Google Search makes it amazingly easy to find information. Come learn about the powerful advanced tools we provide to help you find just the right information when the stakes are high.
Daniel Russell is doing a free Google class on how to search the web. Besides six 50-minute classes it will include interactive activities to practice new skills. Upon passing the post-course assessment you get a Certificate of Completion.
Advanced search skills are not only a useful everyday skill but vital to doing scholarship. Searching the web is a superpower that would make thinkers of previous centuries green with envy. Learn to use it well. I recommend checking out Inside Search, Russel's Blog or perhaps reading the article "How to solve impossible problems" to get a feeling about what you can expect to gain from it.
I think for most the value of information is high enough to be worth the investment. Also I suspect it will be plain fun. I am doing the class and strongly recommend it to fellow LessWrong users. Anyone else who has registered please say so publicly in the comments as well. :)
Registration is open from June 26, 2012 to July 16, 2012.

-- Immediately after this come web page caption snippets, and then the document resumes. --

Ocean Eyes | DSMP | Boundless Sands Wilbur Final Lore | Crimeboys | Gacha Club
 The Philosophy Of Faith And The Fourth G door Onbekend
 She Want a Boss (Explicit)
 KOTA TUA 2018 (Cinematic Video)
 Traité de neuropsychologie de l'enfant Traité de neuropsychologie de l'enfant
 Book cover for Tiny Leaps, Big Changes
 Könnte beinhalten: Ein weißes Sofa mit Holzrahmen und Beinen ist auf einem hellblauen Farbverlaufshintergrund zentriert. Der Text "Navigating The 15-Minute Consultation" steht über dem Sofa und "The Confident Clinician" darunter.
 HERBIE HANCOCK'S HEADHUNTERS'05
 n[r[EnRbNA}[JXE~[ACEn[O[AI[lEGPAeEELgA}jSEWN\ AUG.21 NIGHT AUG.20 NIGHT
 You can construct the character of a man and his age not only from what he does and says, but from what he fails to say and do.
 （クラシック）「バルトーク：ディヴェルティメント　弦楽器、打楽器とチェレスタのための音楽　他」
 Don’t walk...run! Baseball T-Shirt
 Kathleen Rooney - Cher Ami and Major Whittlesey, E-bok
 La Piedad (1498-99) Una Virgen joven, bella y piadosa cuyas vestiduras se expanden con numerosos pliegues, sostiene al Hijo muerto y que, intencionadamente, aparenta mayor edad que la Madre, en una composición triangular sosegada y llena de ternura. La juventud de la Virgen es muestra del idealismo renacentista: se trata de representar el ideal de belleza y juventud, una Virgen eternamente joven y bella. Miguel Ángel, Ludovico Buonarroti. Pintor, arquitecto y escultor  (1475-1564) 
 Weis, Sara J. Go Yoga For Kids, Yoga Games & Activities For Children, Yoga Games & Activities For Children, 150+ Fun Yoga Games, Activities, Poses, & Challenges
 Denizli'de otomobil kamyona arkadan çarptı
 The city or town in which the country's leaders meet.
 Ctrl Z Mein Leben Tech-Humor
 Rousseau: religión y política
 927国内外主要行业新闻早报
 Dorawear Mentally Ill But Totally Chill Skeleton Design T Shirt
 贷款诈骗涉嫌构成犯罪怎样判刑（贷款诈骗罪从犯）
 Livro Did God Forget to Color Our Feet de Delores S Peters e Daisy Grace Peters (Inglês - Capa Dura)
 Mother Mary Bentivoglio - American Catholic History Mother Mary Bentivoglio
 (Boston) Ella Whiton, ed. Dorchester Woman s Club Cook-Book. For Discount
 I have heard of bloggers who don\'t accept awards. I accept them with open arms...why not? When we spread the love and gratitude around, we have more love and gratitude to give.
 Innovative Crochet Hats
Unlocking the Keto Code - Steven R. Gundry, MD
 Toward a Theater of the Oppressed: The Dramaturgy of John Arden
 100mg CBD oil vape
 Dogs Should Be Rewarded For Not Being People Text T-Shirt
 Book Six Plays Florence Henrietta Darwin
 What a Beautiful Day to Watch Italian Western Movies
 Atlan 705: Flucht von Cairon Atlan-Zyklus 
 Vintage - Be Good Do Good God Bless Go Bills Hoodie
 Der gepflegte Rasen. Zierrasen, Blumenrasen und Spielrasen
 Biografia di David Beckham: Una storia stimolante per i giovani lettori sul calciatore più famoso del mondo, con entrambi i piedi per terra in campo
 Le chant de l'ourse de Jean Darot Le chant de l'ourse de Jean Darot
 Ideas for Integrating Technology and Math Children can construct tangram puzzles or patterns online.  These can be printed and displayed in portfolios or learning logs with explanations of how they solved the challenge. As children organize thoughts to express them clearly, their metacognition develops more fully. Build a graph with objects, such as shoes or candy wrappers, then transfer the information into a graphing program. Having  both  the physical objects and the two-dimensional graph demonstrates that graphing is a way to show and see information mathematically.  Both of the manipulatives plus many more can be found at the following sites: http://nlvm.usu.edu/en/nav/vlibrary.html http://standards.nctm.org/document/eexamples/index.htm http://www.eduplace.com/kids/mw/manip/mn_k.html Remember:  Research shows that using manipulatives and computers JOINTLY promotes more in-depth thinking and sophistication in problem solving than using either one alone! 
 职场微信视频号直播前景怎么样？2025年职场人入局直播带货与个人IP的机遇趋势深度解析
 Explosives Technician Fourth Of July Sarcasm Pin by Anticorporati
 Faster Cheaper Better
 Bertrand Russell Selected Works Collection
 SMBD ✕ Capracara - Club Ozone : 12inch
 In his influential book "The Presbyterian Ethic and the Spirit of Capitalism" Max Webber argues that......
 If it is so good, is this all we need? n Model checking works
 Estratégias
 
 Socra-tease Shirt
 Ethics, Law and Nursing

I think it must be aimed at beginners and not someone like me. Class 1 was just laughable, but Class 2 started to get into the real skill of searching: thinking about synonyms and alternative phrasings and how someone else would write what you want, and Class 3 (finally) covered the most useful operators like negation and
site:
. The midterm was easy, but with the basics out of the way, I'm hopeful that 4-6 may teach me something new and so I'm going to continue (as much as it's otherwise been a disappointment).I also think the exercises & questions are skimpier than they ought to have been. Testing your syntax understanding is fine, but surely more can be done?
I finished the final exam just now. It was harder than the exercises, which was a good thing (although I still don't see how one could answer one of the book questions).
Overall, my opinion remains the same. Good for beginners, for power users who already know Boolean operators and site: etc, not such a good use of time. Also, probably everyone should skip the videos and read the documents instead (unless they're very fond of videos). It was a nice touch that they tried to teach about confirmation bias.